Miller was a class action lawsuit in which plaintiffs argued that automatically debiting an account for overdrafts and associated fees against a public benefit payment (e.g., Social Security) and charging a fee when an account is overdrawn violated California law because such payments are protected from offset or garnishment by creditors under California case law. The plaintiffs relied on the California Supreme Court’s holding in Krueger v. Wells Fargo Bank in support of their position. In Krueger, plaintiff Jean Kruger deposited her disability benefits and unemployment compensation into a checking account at Wells Fargo. When Kruger’s credit card account became delinquent, Wells Fargo applied the entire balance in Kruger’s checking account towards the delinquency. The Krueger Court concluded that because unemployment compensation and disability benefits are exempt from attachment and execution, “a bank may not satisfy a credit card debt by deducting the amount owed from a separate checking account containing deposits that” derived from public benefit payments.

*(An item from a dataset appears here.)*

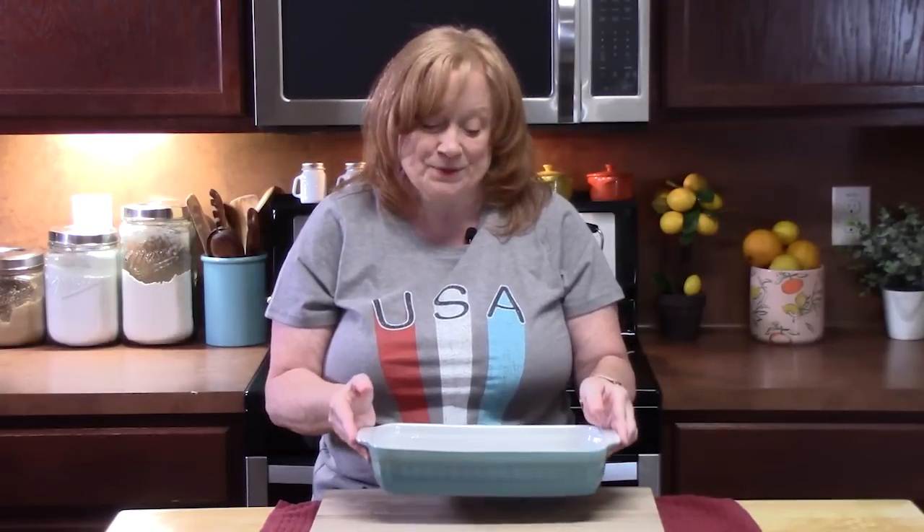Hello everyone, welcome back to Katherine's Plates. Today I'm going to show you how to make a very easy Ritz chicken and pasta casserole. It's going to have a lot of delicious flavor in it, but it's going to be very easy to put together. Let's go ahead and get started.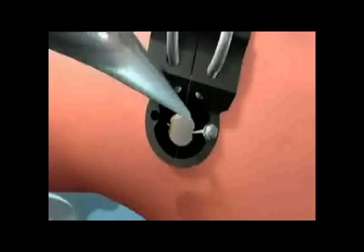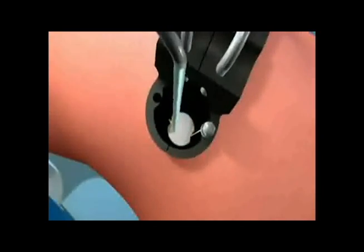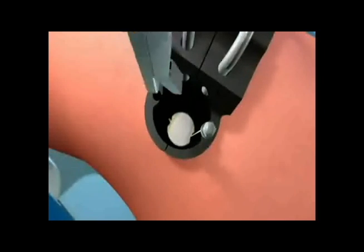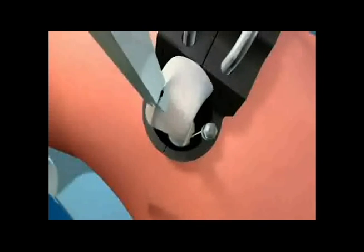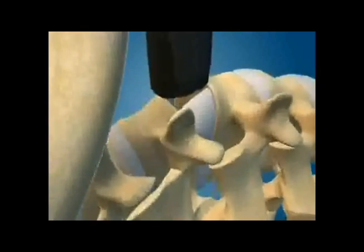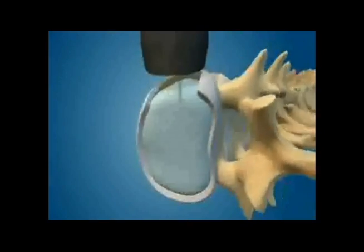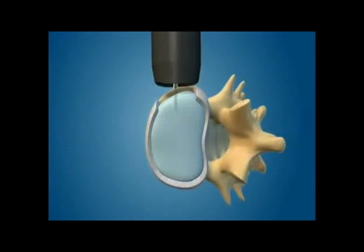A light source is added to give excellent visualization of the spine. An opening is made in the disc and the disc material is removed. As the material is removed, the opening is enlarged to allow for the rest of the disc material to be removed and the endplates of the vertebrae to be prepared for the fusion.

In 2005, the trial court agreed with the plaintiffs in Miller and awarded the class of 1.1 million account holders over a billion dollars in restitution and damages by extending the holding of Krueger to repayment of bank account delinquencies. The trial court held that governmental benefits “are exempt from collection by the bank for insufficient funds fees [], overdrafts and money claims it has against the account holders.” The Court of Appeal reversed the trial court’s holding, and the California Supreme Court granted review.

The Supreme Court held that the practice of charging fees and recouping overdrafts was not prohibited by Krueger or California Financial Code Section 864. The Court relied on the plain meaning and legislative intent of Section 864. According to the Court, Section 864 was enacted for the purpose of treating charges for overdrafts and associated fees different from the satisfaction of independent debt by limiting a bank’s ability to set off using other accounts and not its “internal balancing practices” within a single account. Further, Section 864 constrains a bank’s right to set off debts but the statute explicitly excludes overdrafts and bank charges from the statute’s definition of “debt”. Therefore, the Court reasoned that a plain reading of Section 864 reveals that a bank may recover overdrafts and related fees without regard to the restrictions imposed by Section 864, and that such a reading is consistent with legislative intent.

The Court also distinguished Krueger from Miller. Central to the Miller Court’s holding was that Krueger involved the bank using a depositor’s funds to set off an independent, past debt. In contrast, in Miller, Bank of America tried to recoup an overdraft from funds which were later deposited in the same account. The Miller Court ultimately held that Kruger does not prohibit Bank of America from engaging in the practice of recouping overdrafts and bank charges occurring within a single account against public benefit payments.

Banks can now breathe a little a easier knowing that the industry-wide practice of debiting an account to cover overdrafts and service charges in the same account does not violate California law, even if the debited funds consist of public benefit payments.

Please note that the information contained in this letter is not intended to provide specific legal advice. You should consult with an attorney and not rely on any information contained herein regarding your specific situation.